▶ [INPUT]
---------------
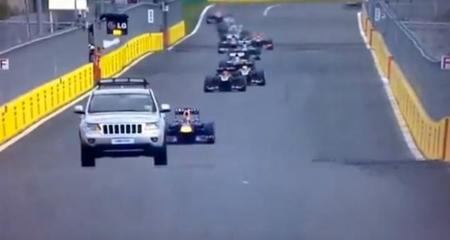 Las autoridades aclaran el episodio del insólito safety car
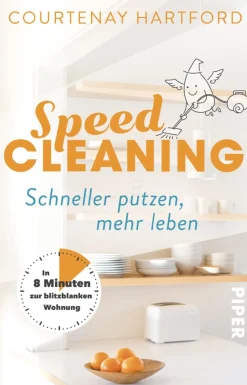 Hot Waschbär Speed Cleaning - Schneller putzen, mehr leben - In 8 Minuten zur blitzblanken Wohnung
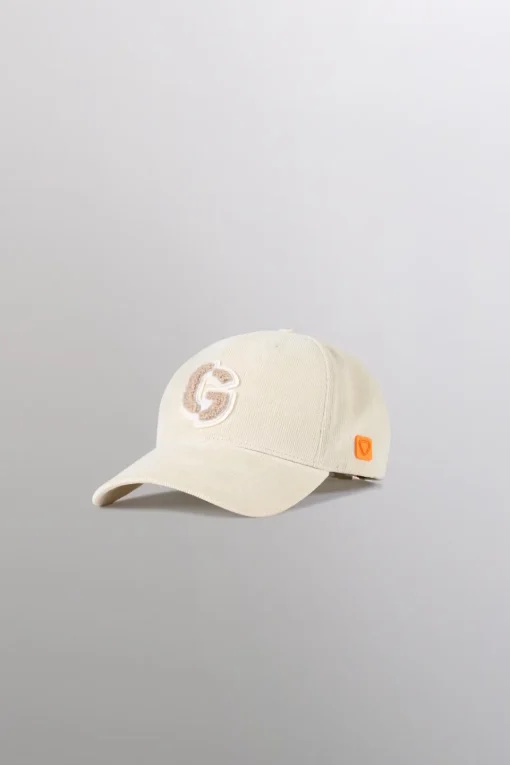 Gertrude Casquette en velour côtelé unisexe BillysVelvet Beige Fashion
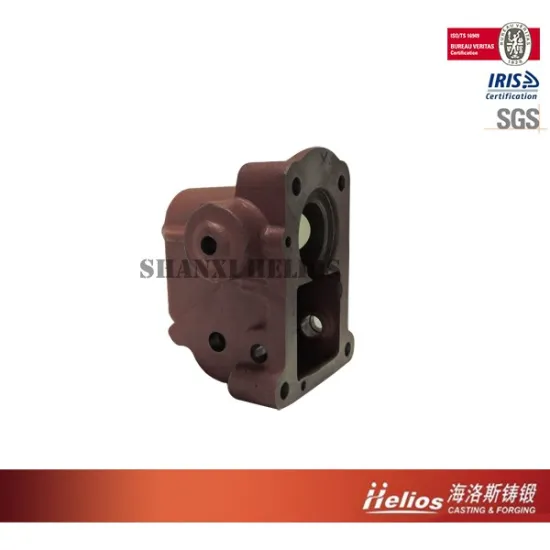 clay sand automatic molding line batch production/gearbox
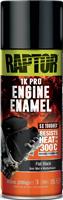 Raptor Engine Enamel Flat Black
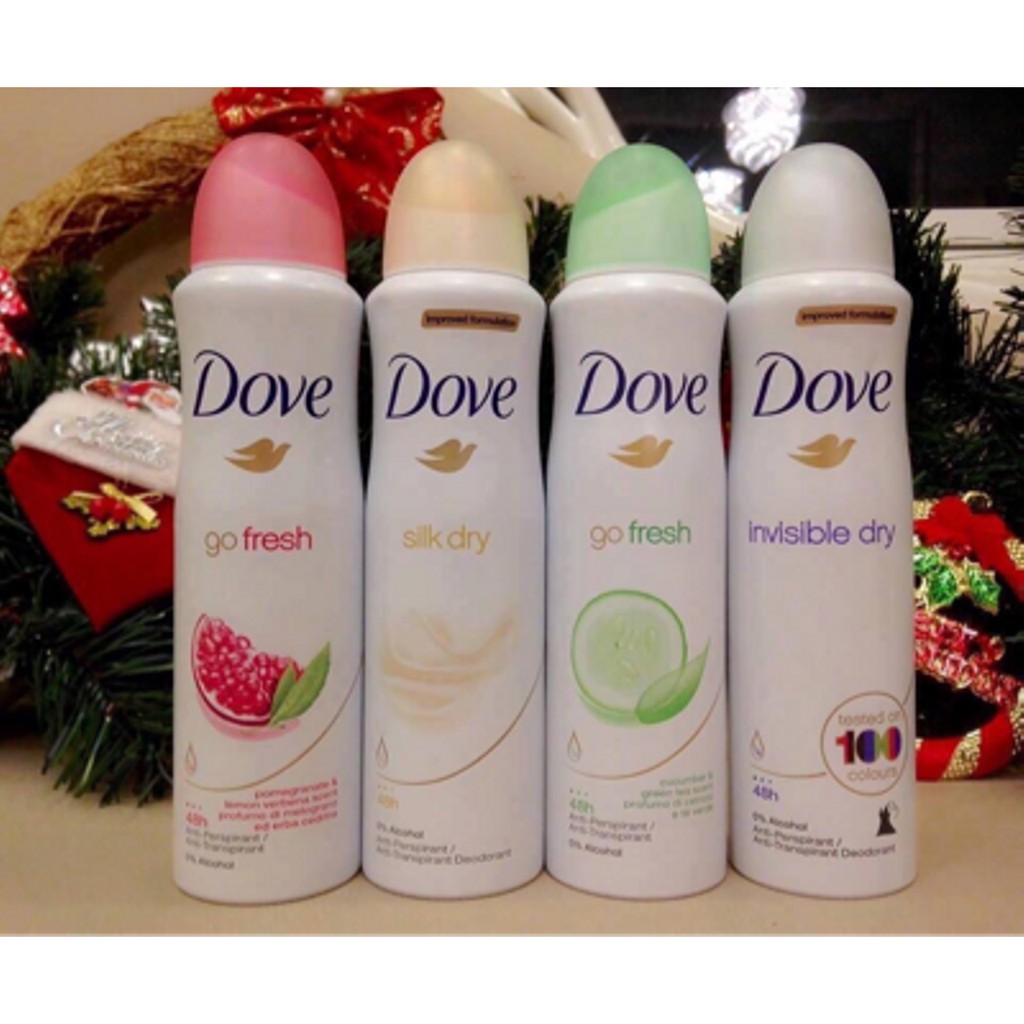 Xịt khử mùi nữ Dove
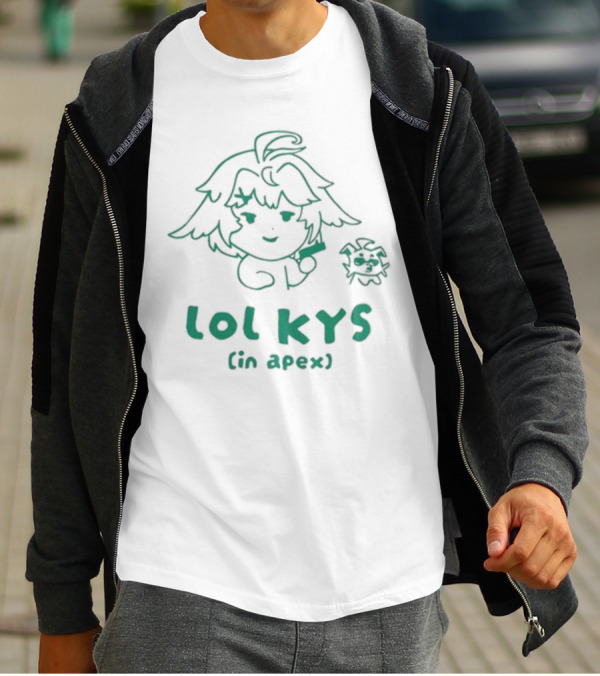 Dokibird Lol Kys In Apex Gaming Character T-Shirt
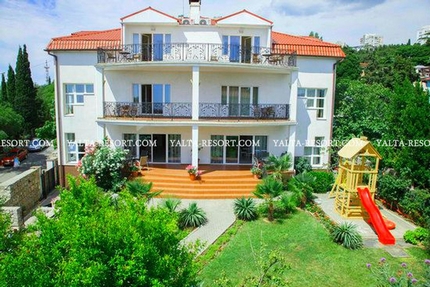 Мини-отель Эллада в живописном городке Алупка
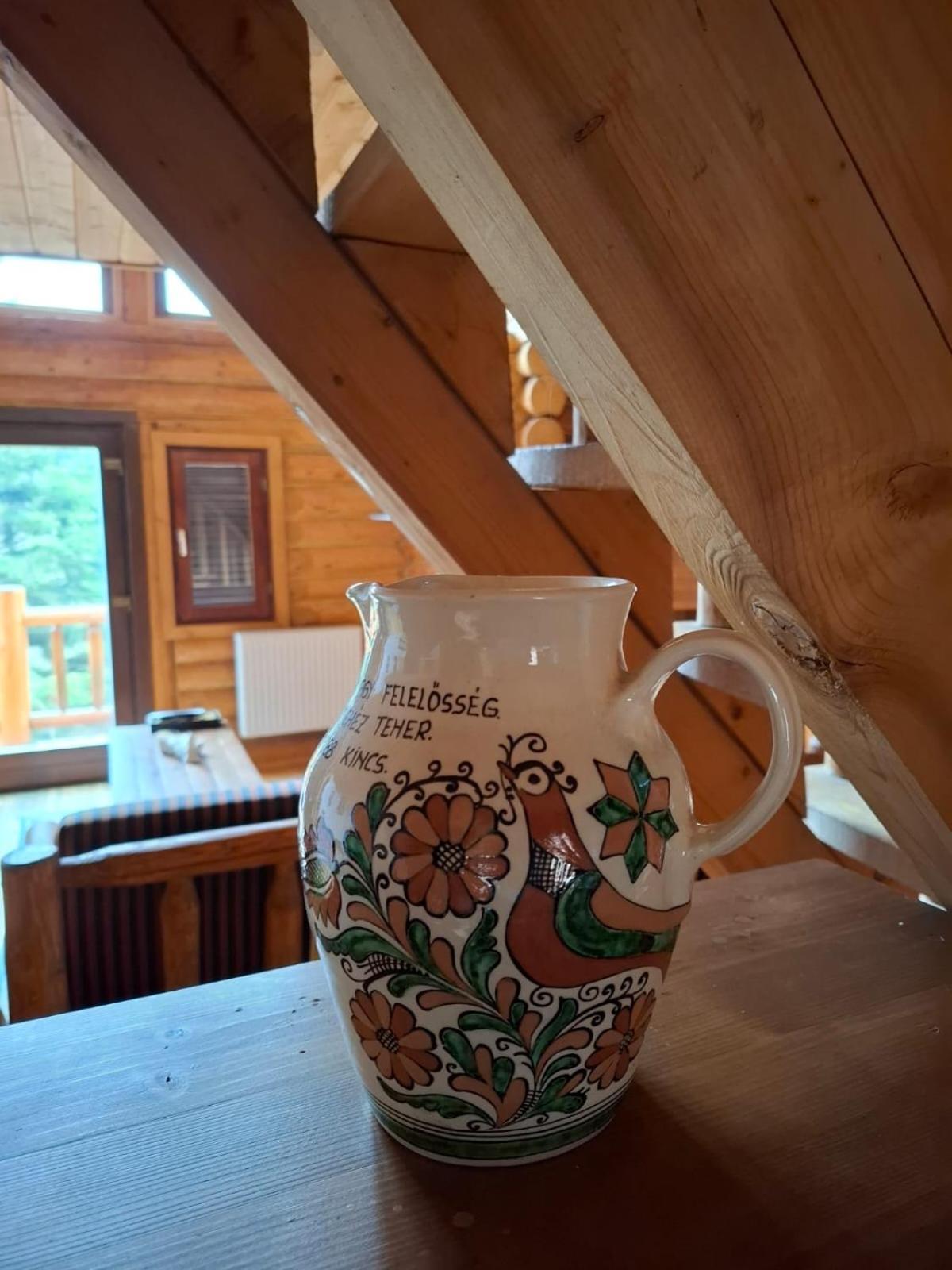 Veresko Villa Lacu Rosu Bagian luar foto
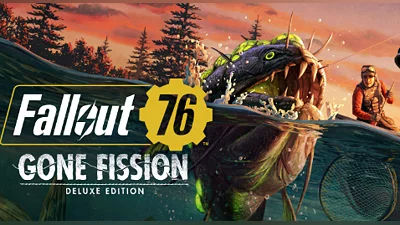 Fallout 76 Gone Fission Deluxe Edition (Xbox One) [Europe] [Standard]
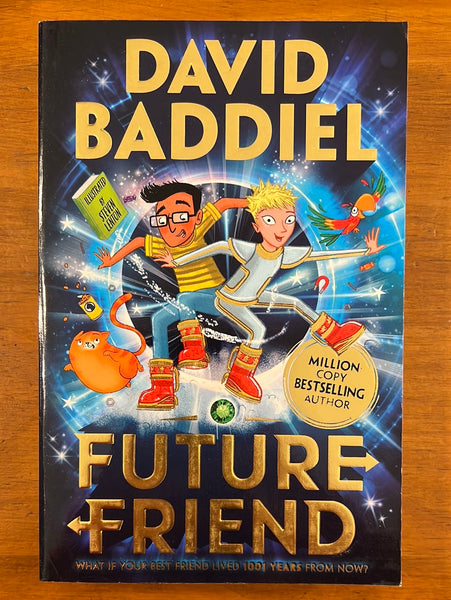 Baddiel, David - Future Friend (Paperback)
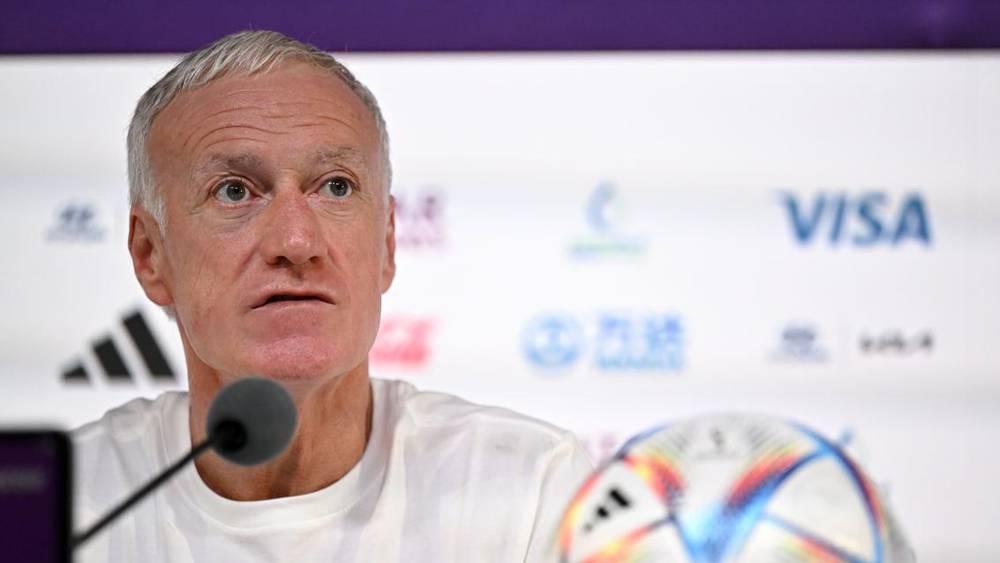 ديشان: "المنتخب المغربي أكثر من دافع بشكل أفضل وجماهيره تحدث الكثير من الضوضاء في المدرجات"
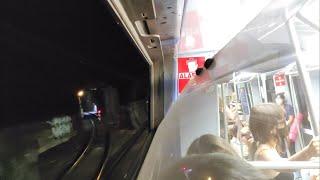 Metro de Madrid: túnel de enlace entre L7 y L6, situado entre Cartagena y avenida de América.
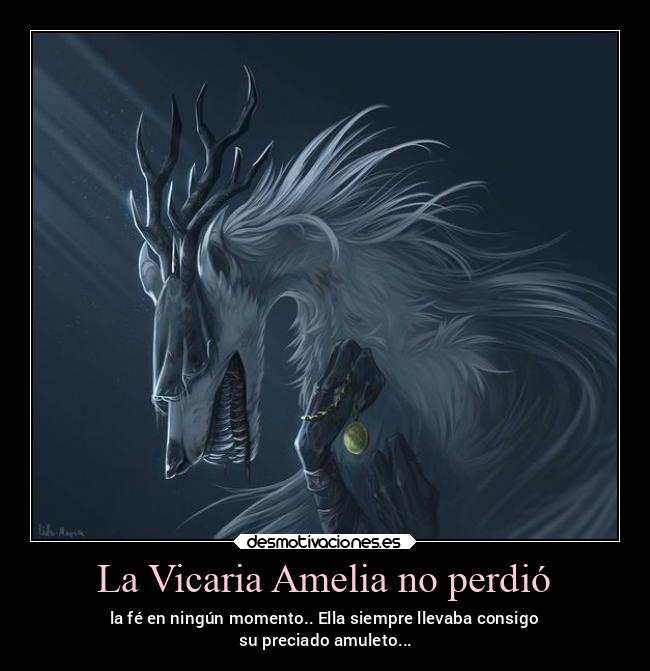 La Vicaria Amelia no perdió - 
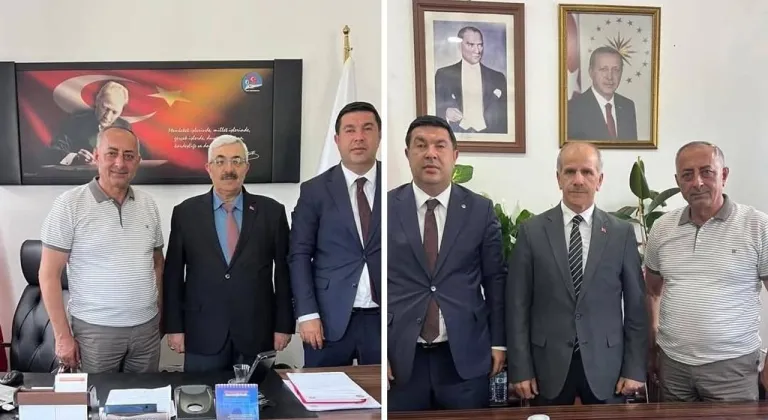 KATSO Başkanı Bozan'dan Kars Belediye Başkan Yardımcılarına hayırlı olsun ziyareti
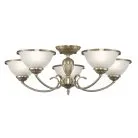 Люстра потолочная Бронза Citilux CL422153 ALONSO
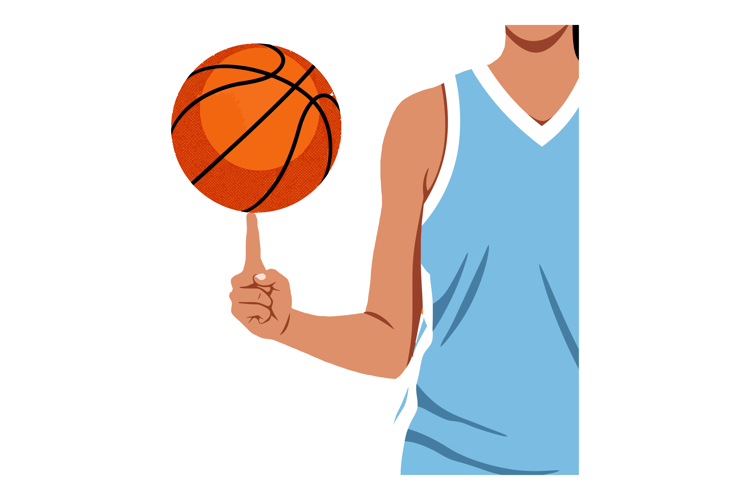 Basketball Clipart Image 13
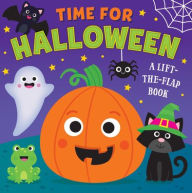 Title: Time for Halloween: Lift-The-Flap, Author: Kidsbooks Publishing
---------------
▶ [EXERCISE OBJECTIVE] Please transcribe exactly the part of the records that opens with the line containing "Gertrude Casquette en" and closes with the line containing "Мини-отель Эллада в", both ends included, and leave out the pictures.

▶ [SOLUTION]
 Gertrude Casquette en velour côtelé unisexe BillysVelvet Beige Fashion
 clay sand automatic molding line batch production/gearbox
 Raptor Engine Enamel Flat Black
 Xịt khử mùi nữ Dove
 Dokibird Lol Kys In Apex Gaming Character T-Shirt
 Мини-отель Эллада в живописном городке Алупка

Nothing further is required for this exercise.